Thursday, June 25, 2009

A Series of Unfortunate Hair Decisions





A few months before my return to Texas, I was planning an ambush on my hair.

I have extremely straight hair, which resists existing in any other form. My stylist and I had been waging a war, trying to get it to hold even a hint of curl. We were running out of options, and still my tresses laughed in our faces.

I was really looking forward to the next 2 months, because it was going to be a whirlwind: a Maui trip, John and Amber visiting, a family wedding, a road trip with my sis, and then finally, another wedding of one of my favorite people from high school. Fun! With the high volume of pictures I was sure to be in, I wanted to look nice. What? Just because I regularly post pictures in which I haven't taken a shower in 2 days doesn't mean I'm not completely void of vanity.


So, one day as I was getting my bangs cut, I was flipping through a hair magazine and noticed that there was this treatment you could get that gave you nice, big curls. I brought it to Aya's attention.

'Oh, you mean a perm?'


Now, the world perm is pretty scary. I immediately conjured up images of frizzy side ponytails, neon colors, and leg warmers. That is not what I wanted. However, Aya assured me that they'd come a long way from the 80s, and we could do a test on a strip of my hair to see if it would take.

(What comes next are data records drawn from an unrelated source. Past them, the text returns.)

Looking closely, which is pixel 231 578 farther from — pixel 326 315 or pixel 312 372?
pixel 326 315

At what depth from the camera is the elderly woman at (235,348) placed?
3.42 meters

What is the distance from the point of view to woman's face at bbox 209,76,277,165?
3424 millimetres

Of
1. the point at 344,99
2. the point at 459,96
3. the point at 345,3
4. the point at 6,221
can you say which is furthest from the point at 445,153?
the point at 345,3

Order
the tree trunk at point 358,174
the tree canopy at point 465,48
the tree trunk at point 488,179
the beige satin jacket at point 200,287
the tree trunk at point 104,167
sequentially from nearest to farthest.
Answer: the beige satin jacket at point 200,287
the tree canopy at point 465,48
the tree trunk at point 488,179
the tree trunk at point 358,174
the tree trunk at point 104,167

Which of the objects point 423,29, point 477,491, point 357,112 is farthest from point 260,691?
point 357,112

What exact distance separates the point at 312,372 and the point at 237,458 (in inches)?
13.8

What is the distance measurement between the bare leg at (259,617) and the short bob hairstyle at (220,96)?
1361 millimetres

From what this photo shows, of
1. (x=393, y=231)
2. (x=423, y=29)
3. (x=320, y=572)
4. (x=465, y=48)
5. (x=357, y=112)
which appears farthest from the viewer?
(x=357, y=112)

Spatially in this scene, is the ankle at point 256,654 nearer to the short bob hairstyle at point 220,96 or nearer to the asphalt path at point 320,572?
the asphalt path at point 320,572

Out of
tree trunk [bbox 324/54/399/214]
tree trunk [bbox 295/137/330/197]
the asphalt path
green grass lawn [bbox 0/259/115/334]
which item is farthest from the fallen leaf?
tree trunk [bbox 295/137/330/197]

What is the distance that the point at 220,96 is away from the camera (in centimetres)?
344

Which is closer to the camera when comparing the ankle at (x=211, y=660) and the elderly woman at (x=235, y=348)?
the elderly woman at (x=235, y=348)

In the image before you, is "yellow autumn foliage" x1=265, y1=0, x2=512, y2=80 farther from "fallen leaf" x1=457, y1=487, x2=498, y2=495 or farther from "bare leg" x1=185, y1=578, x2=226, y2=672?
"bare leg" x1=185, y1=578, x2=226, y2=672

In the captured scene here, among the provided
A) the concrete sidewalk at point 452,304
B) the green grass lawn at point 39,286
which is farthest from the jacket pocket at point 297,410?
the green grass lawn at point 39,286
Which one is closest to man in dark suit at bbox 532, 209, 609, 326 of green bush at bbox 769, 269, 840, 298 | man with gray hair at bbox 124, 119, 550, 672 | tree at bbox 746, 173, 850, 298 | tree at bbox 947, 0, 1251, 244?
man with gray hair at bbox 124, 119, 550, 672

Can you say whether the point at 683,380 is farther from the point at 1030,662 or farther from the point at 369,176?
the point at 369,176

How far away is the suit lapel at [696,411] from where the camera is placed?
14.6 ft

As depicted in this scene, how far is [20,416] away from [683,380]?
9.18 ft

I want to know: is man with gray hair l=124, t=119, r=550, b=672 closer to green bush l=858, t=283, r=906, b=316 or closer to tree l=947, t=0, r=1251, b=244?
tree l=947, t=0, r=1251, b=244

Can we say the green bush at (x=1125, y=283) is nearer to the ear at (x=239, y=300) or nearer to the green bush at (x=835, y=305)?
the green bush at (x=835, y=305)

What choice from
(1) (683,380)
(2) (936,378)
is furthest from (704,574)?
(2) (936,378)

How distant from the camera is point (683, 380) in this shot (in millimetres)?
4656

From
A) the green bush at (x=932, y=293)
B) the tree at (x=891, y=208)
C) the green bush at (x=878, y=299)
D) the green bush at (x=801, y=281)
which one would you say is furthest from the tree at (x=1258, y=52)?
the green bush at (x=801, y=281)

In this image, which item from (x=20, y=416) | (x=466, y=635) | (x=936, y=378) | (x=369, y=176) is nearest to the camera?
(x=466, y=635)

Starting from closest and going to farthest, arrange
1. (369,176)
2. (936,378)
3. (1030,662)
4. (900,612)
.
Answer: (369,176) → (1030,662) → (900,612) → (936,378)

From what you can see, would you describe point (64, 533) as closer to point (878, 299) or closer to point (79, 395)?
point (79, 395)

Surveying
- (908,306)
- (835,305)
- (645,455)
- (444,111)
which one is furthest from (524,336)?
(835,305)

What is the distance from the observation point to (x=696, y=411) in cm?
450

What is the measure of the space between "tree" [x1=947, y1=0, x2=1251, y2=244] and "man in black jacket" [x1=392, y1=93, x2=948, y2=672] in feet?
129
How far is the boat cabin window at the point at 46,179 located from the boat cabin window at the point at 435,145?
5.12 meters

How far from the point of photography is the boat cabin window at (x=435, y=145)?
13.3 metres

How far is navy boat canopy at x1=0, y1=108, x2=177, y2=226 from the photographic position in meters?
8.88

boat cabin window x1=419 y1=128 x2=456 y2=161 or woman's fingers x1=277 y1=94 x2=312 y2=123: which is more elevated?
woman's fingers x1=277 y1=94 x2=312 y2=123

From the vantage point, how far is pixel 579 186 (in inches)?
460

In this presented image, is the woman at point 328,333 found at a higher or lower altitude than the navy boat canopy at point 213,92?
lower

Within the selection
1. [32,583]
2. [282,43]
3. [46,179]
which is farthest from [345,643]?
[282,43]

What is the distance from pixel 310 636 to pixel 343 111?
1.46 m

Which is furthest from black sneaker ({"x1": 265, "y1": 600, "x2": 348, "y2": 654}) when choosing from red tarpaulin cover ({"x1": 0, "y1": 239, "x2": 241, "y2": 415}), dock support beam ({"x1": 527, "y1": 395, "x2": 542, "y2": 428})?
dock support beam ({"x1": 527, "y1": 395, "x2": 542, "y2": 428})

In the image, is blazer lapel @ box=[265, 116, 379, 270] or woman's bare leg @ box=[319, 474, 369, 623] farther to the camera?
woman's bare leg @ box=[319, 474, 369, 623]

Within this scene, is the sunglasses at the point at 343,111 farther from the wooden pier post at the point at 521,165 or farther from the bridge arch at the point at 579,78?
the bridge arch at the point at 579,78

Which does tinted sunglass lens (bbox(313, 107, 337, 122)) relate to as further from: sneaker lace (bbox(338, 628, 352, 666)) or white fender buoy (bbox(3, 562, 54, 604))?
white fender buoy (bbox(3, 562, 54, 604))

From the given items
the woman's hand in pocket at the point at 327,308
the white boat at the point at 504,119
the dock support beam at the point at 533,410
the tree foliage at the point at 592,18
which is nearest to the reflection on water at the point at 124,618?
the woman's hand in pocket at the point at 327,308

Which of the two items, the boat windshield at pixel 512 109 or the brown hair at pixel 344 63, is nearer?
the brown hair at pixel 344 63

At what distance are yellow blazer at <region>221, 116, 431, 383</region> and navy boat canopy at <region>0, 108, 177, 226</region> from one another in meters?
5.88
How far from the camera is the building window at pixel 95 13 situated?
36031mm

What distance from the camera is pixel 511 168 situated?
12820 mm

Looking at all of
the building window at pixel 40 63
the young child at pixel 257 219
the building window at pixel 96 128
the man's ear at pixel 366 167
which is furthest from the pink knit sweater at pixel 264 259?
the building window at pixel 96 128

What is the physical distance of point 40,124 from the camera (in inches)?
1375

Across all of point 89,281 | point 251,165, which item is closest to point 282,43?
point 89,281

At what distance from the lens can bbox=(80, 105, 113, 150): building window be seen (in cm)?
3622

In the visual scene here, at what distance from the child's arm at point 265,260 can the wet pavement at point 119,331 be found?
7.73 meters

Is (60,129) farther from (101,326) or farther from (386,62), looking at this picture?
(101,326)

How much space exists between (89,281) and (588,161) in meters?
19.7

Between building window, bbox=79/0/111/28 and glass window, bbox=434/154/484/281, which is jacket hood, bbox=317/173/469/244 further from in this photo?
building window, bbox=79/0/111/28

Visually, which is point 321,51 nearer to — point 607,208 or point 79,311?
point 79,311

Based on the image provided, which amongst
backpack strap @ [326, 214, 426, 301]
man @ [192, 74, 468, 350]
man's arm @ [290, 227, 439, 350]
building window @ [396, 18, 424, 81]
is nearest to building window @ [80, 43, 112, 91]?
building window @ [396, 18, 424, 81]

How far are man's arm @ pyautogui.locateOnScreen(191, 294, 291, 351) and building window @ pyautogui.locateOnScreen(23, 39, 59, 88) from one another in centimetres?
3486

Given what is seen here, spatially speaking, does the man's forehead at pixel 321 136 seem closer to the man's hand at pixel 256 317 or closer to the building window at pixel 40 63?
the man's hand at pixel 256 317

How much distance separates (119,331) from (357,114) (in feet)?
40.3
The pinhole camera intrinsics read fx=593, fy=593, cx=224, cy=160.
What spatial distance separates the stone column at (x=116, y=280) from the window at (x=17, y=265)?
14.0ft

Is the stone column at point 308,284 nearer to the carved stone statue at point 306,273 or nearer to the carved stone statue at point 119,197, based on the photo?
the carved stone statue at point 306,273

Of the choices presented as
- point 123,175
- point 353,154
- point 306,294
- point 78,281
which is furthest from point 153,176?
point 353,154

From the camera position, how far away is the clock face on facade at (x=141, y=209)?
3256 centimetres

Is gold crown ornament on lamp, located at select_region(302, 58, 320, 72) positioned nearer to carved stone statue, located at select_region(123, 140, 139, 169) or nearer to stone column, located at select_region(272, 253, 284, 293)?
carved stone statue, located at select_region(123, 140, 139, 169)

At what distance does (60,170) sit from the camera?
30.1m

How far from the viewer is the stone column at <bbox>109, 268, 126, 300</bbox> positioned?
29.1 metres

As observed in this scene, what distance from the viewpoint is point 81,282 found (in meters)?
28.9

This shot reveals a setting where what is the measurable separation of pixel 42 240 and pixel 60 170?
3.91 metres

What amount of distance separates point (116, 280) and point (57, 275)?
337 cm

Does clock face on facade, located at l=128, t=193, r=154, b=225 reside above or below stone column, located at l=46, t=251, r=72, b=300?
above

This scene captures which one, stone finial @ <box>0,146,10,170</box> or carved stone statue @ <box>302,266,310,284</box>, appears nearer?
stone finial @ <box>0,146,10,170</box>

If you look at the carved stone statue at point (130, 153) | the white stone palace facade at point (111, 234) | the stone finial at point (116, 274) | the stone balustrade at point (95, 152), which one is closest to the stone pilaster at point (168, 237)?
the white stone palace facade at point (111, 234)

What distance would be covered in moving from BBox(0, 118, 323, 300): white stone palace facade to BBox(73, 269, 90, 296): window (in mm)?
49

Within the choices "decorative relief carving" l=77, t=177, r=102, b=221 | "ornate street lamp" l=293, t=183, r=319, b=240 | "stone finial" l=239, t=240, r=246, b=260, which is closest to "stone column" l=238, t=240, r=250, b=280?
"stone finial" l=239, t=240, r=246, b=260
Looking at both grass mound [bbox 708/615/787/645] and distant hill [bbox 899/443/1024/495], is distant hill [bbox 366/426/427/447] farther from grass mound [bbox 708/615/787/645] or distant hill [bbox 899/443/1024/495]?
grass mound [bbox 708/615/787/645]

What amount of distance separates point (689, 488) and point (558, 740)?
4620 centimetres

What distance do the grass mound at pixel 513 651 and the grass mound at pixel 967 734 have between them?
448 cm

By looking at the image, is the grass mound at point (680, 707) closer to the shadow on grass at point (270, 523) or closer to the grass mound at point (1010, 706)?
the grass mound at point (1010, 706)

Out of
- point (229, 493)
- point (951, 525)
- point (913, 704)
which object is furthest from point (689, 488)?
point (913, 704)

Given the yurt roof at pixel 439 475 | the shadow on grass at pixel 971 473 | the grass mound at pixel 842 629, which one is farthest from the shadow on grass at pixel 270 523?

Why not? I had visions of myself meeting family with this fabulously curly mane of hair.


So, the test went well, and we made a date - May 2nd I went under the solution.


First, Aya thought it would be best to cut my hair much shorter, so the curls wouldn't be weighed down. I reluctantly agreed. It was all for a good cause, right?


It took for freaking ever. 3 1/2 hours. The things we do to look good.

When it was finally over, she turned me around in the chair to look at myself, and my eyes eagerly met....







A blast from the past. I felt the need to go out and buy leg warmers and listen to Michael Jackson. I love Aya, and she was so proud of herself, so I managed not to cry until I got to my house. Thank you Lord, David was not home yet. I couldn't tear myself away from the mirror, staring in some kind of fascinated horror. What was happening on my head?!


At the time, there was a song being played non-stop in Hawaii. I don't know what it's called, but whenever I turned on the radio I would hear, 'p-p-p-poker face, p-p-poker face' which is about how long it took me to change the channel. Now, my brain had lovingly changed it to 'p-p-p-poodle head, p-p-poodle head', and put it on repeat. I was distraught. I could not be seen like this! So, in desperation, I jumped into the shower. Perms nowadays aren't supposed to wash out, but I was hoping for faulty technology. I scrubbed the crap out of my head.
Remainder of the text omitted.